> _WORK TO BE COMPLETED_
From the first line of the records down to the one that holds "Datei:Eisenbahnbrücke Trogenbachtal.jpg", transcribe each line exactly and add nothing.

Extracted data entries:

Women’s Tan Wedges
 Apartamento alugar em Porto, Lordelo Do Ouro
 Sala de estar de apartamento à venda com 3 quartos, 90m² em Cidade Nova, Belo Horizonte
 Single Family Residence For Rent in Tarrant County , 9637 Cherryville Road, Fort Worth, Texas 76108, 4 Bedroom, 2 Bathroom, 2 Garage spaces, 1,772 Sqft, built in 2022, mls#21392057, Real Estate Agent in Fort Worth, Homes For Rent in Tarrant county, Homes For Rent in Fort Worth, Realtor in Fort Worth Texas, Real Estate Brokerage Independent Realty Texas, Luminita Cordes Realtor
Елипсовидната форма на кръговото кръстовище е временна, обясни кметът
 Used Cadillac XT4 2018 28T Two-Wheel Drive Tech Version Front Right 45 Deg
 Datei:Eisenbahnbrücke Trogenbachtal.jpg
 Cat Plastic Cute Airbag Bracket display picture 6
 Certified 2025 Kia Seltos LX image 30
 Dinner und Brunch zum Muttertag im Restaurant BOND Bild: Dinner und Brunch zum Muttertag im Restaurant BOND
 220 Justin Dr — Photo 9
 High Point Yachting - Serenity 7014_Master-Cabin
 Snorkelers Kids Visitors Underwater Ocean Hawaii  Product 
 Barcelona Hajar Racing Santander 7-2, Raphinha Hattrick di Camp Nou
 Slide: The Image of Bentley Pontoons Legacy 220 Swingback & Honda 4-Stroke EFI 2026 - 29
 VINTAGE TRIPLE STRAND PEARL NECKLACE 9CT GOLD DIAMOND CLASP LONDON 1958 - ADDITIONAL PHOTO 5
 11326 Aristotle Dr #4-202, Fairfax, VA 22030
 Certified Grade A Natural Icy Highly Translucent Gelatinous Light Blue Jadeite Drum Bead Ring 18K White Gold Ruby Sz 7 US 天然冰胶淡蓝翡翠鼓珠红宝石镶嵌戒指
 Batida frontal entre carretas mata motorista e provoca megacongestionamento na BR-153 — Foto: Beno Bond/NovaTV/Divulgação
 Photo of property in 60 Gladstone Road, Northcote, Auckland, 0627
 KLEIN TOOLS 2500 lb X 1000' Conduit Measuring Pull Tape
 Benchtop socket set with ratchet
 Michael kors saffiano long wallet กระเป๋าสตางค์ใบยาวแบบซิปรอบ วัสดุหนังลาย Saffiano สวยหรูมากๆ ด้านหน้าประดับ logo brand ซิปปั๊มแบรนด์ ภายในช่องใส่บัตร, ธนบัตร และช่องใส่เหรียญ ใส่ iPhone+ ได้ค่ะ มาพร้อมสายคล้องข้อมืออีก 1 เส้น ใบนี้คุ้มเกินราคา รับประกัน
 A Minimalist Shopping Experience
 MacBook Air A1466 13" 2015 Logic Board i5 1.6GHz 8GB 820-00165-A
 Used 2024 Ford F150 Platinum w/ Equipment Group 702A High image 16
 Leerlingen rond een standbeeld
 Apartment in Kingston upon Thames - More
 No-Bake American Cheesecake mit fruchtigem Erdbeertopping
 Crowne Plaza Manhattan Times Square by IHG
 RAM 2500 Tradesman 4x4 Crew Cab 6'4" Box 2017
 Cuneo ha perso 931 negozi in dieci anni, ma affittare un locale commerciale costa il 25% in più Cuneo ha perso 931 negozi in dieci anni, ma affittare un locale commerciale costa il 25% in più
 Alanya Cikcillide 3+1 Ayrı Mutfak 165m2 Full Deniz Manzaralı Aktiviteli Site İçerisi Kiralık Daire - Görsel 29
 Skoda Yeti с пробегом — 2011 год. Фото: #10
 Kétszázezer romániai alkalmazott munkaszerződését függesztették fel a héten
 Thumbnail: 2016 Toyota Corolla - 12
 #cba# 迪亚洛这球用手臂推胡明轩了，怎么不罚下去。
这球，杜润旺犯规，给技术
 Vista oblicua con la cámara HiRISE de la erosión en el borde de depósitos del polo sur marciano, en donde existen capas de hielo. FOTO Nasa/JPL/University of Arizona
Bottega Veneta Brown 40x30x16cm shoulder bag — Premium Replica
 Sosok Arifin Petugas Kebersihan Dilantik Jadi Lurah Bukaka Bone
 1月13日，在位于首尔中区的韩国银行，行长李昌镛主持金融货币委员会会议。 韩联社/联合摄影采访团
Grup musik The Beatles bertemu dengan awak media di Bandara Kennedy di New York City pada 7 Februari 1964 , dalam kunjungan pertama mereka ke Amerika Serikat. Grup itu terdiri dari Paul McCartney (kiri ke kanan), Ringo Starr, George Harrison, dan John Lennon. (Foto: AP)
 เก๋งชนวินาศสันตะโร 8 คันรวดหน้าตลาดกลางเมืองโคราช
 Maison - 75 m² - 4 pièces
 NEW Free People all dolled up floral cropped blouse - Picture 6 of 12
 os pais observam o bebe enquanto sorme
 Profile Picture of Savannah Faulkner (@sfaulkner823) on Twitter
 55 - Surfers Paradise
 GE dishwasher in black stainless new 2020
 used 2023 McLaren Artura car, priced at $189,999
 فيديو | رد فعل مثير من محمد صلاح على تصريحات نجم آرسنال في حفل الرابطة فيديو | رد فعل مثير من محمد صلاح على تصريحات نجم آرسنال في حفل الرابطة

> _RESPONSE FOR THIS EXERCISE_
Women’s Tan Wedges
 Apartamento alugar em Porto, Lordelo Do Ouro
 Sala de estar de apartamento à venda com 3 quartos, 90m² em Cidade Nova, Belo Horizonte
 Single Family Residence For Rent in Tarrant County , 9637 Cherryville Road, Fort Worth, Texas 76108, 4 Bedroom, 2 Bathroom, 2 Garage spaces, 1,772 Sqft, built in 2022, mls#21392057, Real Estate Agent in Fort Worth, Homes For Rent in Tarrant county, Homes For Rent in Fort Worth, Realtor in Fort Worth Texas, Real Estate Brokerage Independent Realty Texas, Luminita Cordes Realtor
Елипсовидната форма на кръговото кръстовище е временна, обясни кметът
 Used Cadillac XT4 2018 28T Two-Wheel Drive Tech Version Front Right 45 Deg
 Datei:Eisenbahnbrücke Trogenbachtal.jpg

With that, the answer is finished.